Of the surrounding counties, Jackson County has experienced the largest percentage increase in Latino voters. Although Jackson only has 374 registered Latino voters, that is still a 1,068 percent increase from 2003.

"Latinos are a part of Georgia’s fabric, and they want to engage in the political process," Gonzalez said.

While there are many reasons why the number of Latino voters has increased, Gonzalez says several top issues are driving the Latino community to the polls.

"The main issues of concern are issues with the economy, health care and education, which are the top issues that any voter is concerned about. Other issues of concern are the war in Iraq and immigration reform," he said. "Plus the nasty tone that immigration reform has taken in Georgia has motivated many Latinos to vote."
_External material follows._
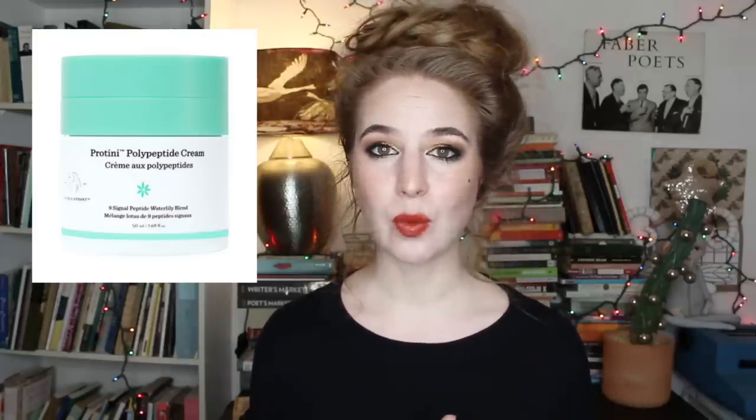The Drunk Elephant Protini Polypeptide Cream — as many of you already know, I am no longer buying high-end or luxury products for night cream. I'm getting peptides in my routine right now from my Erin's Faces peptide sunscreen, so I don't need another peptide product, and I definitely don't want one that costs $60, $70, or $80. It's just not what I'm doing with skincare anymore.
According to Georgia’s secretary of state Web site, Latinos make up 2 percent of Georgia’s overall 4.9 million voter population. By comparison, the overwhelming majority of Georgia voters, 63 percent, are white. Black voters make up 29 percent of Georgia’s voters, while Asian and Native Americans create another combined 1 percent of the total Georgia voter population.

"We want to encourage everyone to go to the polls either during advanced voting or on Nov. 4," he said. "If you encounter any problems, you can call our toll free number at 888-544-2536 for assistance.

"We want to make sure that all eligible voters are able to exercise their right to vote."